The Minister of Budgets and Finance of the Government of the Canary Islands, Matilde Asián, defended this Friday that the possibility of applying a tax for tourist overnight stays should be studied if a formula is found to exclude Canary Islands residents, although she does not believe it exists.
Asián has raised the possibility of finding that formula as a "challenge" to the PSOE deputy Manuel Hernández Cerezo, who has demanded in a parliamentary committee that this tax, known as "tourist tax", be applied in the archipelago as one of the measures for the redistribution of wealth generated by tourism.
"But it is not possible" that if there were such a tax, it would not be applied to Canary Islands residents, Asián reflected, for whom it would be "very unfair" for them to have to pay it.
In any case, the Minister has referred to what was said in this regard by the President of the Canary Islands, Fernando Clavijo, who opposes the tourist tax and speaks of taxing tourism more with the IGIC in any case, a collection that benefits the regional, island and local administrations.
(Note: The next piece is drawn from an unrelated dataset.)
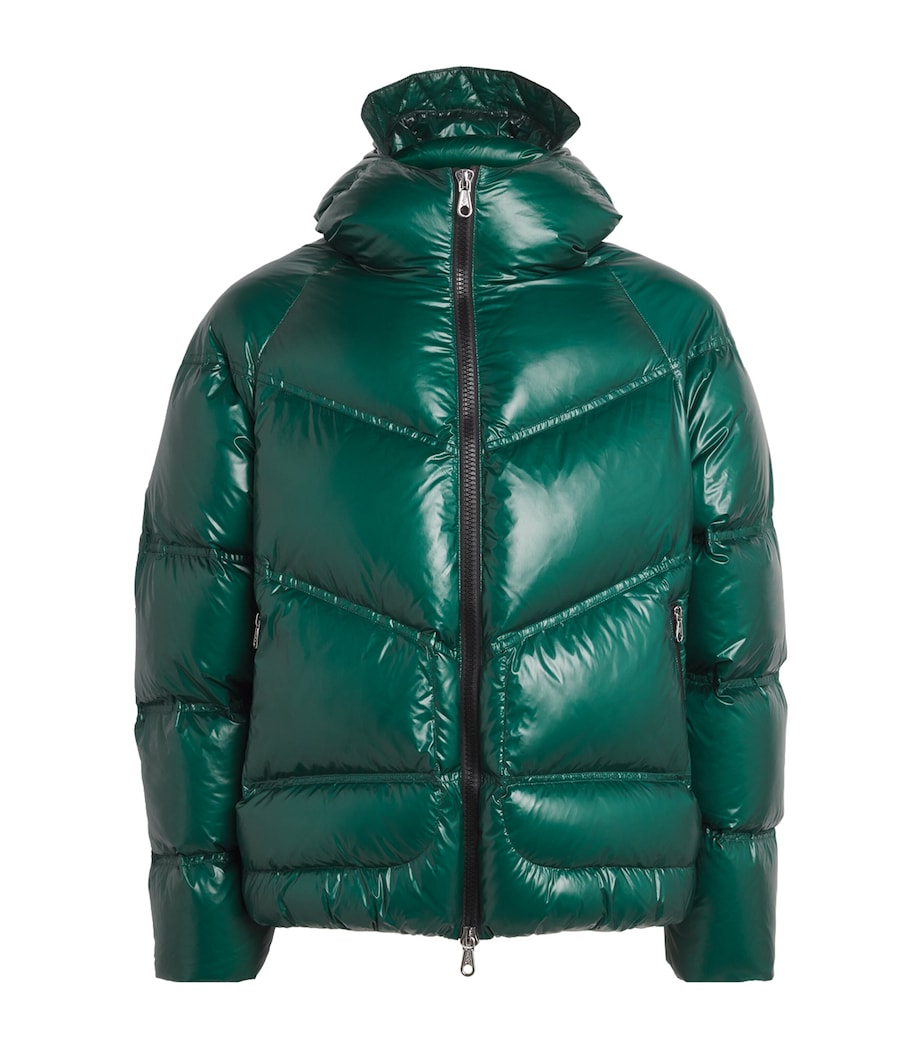 COLE BUXTON Mens Hooded Puffer Jacket Bottle Green Image 1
Matilde Asián has acknowledged that GDP in Spain is growing more than in other European countries and in the Canary Islands more than in the rest of the country, all thanks to tourism, although this growth "is not perceived by citizens in the increase of their well-being."
For the Minister, it is legitimate to try to better distribute the wealth of tourism and the best formula is by raising wages, so she is confident that an agreement will be reached in the sector in Santa Cruz de Tenerife as has already happened in Las Palmas.
In the Minister's opinion, another way to distribute the benefits of tourism is to charge fees for access to natural spaces, so she has encouraged the councils and town halls to implement it, as has already been done in some places.
The socialist Manuel Hernández Cerezo has reproached the Government for not taking into account any of its proposals to socially distribute the benefits of tourism, such as this tourist tax, as well as ignoring the demands of the demonstrations of May 18 to improve living conditions or the strike of tourism workers in Tenerife.
"The response to all this has been inaction, or in any case, action for the usual suspects," Hernández Cerezo has criticized.
He reproached the Minister for not having done anything to ensure that the wealth of the tourism sector benefits the people and assured that the fees for access to natural spaces revert to the improvement of those spaces, not to the living conditions of the people.